It will take years for the people of Nepal to recover from last weekend’s devastating earthquake. The numbers are grim. With already 5,200 dead and more than 10,000 injured, casualties are bound to climb as search and rescue teams reach remote villages. Half a million tents are desperately needed to house the homeless and some 8 million people have been affected in 39 of the nation’s 75 districts, 11 of them badly.
Nepal boasts eight of the ten highest mountains in the world and its spectacular scenery is unmatched. Yet as solid and everlasting as the Himalayas appear, they are still a work in progress. They are the result of the crumpling action of the Indian-Australian plate grinding northward and thrusting under the Eurasian plate at a rate of 5 cm a year. The massive pressures to uplift the Himalayas make this region, according to the U.S. Geological Survey, one of the most seismically hazardous in the world.
The epicenter of the M7.8 earthquake was in central Nepal 80 kilometres north-west of the capital Kathmandu. While the country is frequently shaken by quakes, the last time this particular fault ruptured was in 1344. Eighty years ago in 1934 an earthquake struck in another segment of the fault to the east of Kathmandu.
Hardened climbers on Mount Everest were terrified when the roar of snow, rocks and debris in a massive avalanche triggered by the quake plundered through base camp at 5,380 metres, killing 17 people and injuring scores of others.
Within a few days, Europe’s Sentinal-1a satellite got an overhead view of the aftermath. From orbit, this radar satellite can detect ground movement by comparing before and after imagery. The violent shaking of last Saturday’s earthquake was not only because of the magnitude but because the rupture was shallow, only 15 kilometres down. Scientists at the U.K.’s Nerc Centre for the Observation and Modelling of Earthquakes, Volcanoes and Tectonics, deciphered the satellite’s technical data and found that the earthquake was so strong that an area 120 kilometres by 50 kilometres around Kathmandu lifted up at least one metre.
Overcoming this destruction will be a monumental challenge for Nepal, one of the poorest of Asia’s nations. Over 40 per cent of its residents are unemployed. Reconstruction costs could exceed $10 billion, half the country’s GDP. And some structures can never be replaced such as the heritage monuments that crumbled to dust. A spokesperson with the Kathmandu Valley Preservation Trust told The Wall Street Journal that close to half the temples in some of the city’s old neighbourhoods has been destroyed. The UNESCO-recognized historical nine-storey Dharahara Tower built by royal rulers as a watch tower in the 1800s and which became a beacon of Kathmandu’s architecture and history for 183 years lies in rubble.
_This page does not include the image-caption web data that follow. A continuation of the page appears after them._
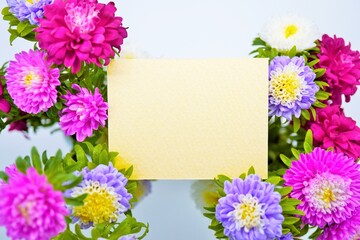 白、赤と紫のアスターの花々で飾った可愛い黄色のコメントスペースのモックアップ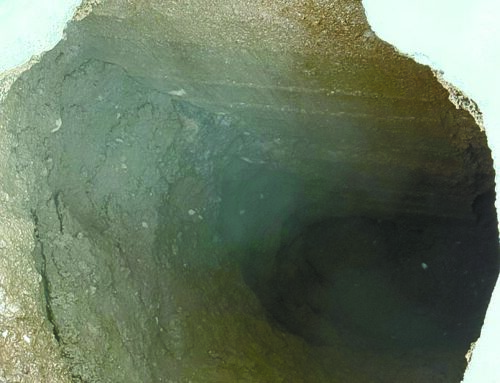 Mysterious sinkhole reappears at local store after recent filling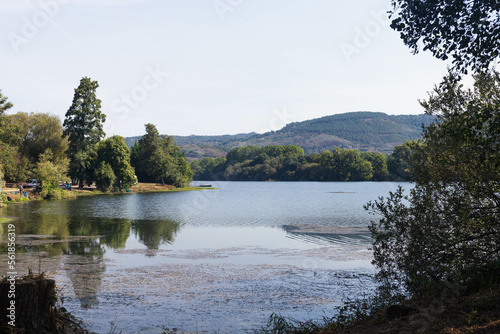 lake with mountains in the background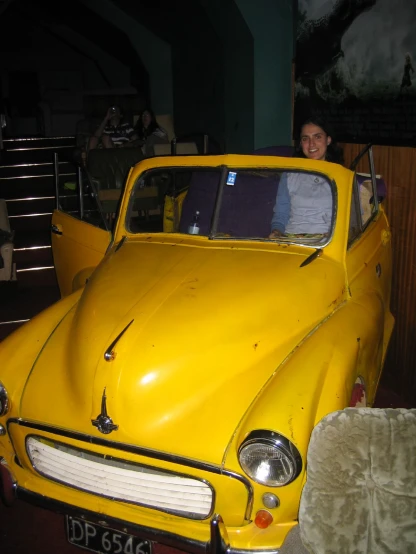 a yellow car is sitting on display in a museum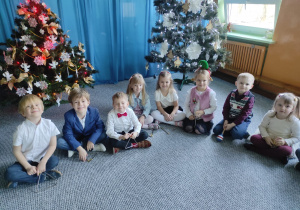 Dzieci siedzą na dywanie z instrumentami muzycznymi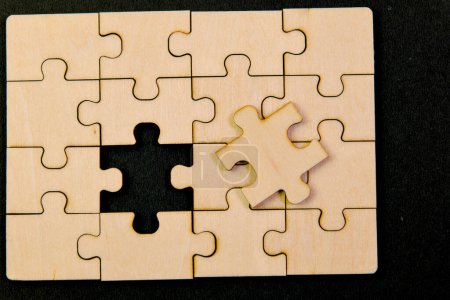 Scattered jigsaw puzzle pieces on a black background symbolize a business challenge that needs to be solved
The UN and its partners are launching a $415 million emergency appeal to support government efforts to meet the people’s need for shelter, water, sanitation, emergency health, food and protection for the next three months. Some 70,000 homes have been destroyed and another 530,000 are damaged across 39 of Nepal’s districts. Not only is emergency shelter needed for over 500,000 people who are still being traumatized by aftershocks but emergency health services and safe drinking water are needed for some 4.2 million people
UNICEF said on Wednesday that about 1.7 million children are in urgent need of aid in the worst-hit areas of the earthquake and they too have launched a $50 million campaign.
The federal government is matching dollar for dollar all eligible donations to the Nepal Earthquake Relief Fund through aid organizations until May 25, retroactive from when donations first started following the earthquake on April 25.